Exercise inputs:
::::::

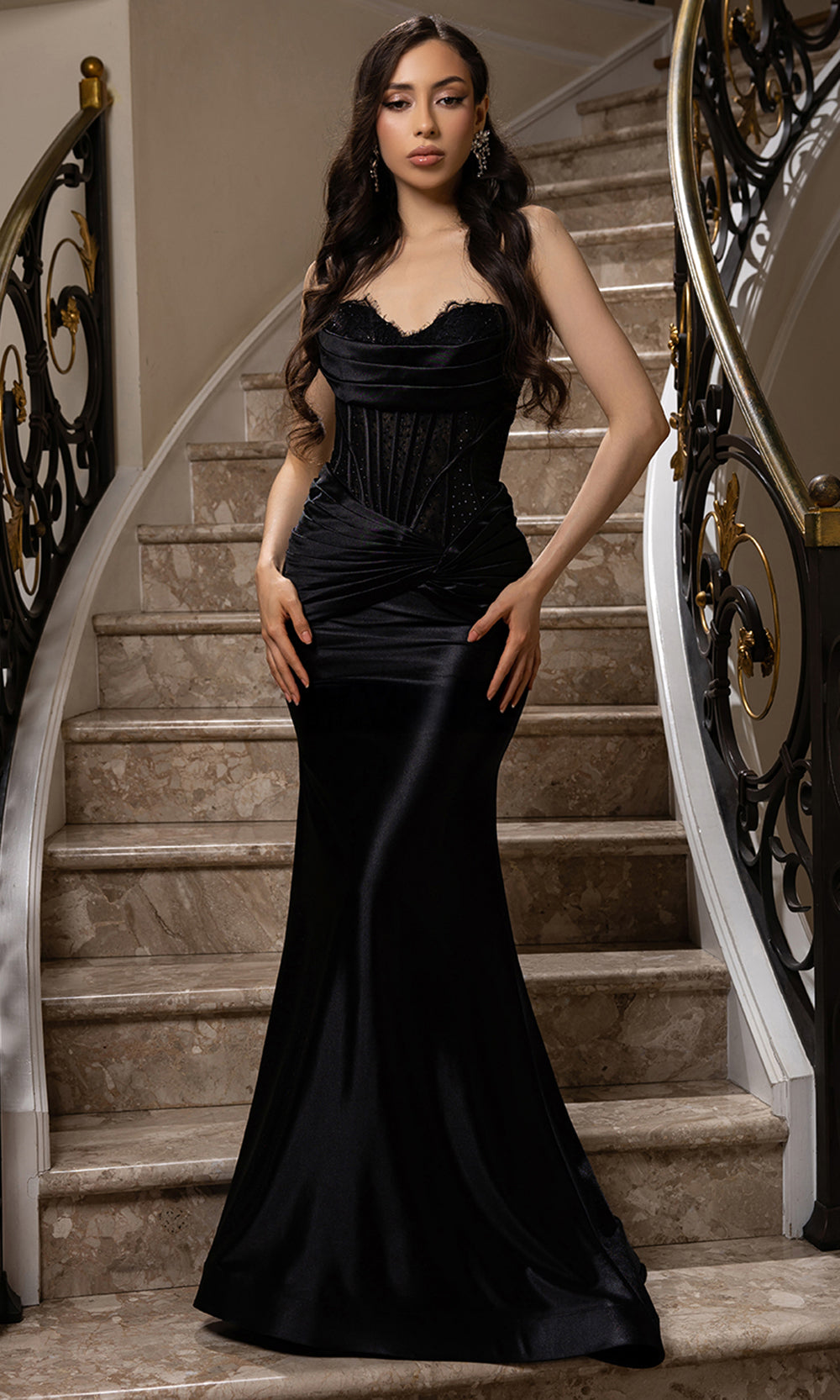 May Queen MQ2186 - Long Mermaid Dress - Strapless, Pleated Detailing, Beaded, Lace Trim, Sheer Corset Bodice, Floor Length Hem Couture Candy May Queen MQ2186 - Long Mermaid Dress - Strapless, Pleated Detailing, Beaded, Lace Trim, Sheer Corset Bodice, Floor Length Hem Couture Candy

::::::

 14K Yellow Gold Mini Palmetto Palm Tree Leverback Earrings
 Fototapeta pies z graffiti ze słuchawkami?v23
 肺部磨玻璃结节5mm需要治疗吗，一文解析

::::::

Task description: Going down the listing above, begin printing at the line with "Fototapeta pies z" and finish with the line with "肺部磨玻璃结节5mm需要治疗吗，一文解析", exactly as they appear.

Written reply:
 Fototapeta pies z graffiti ze słuchawkami?v23
 肺部磨玻璃结节5mm需要治疗吗，一文解析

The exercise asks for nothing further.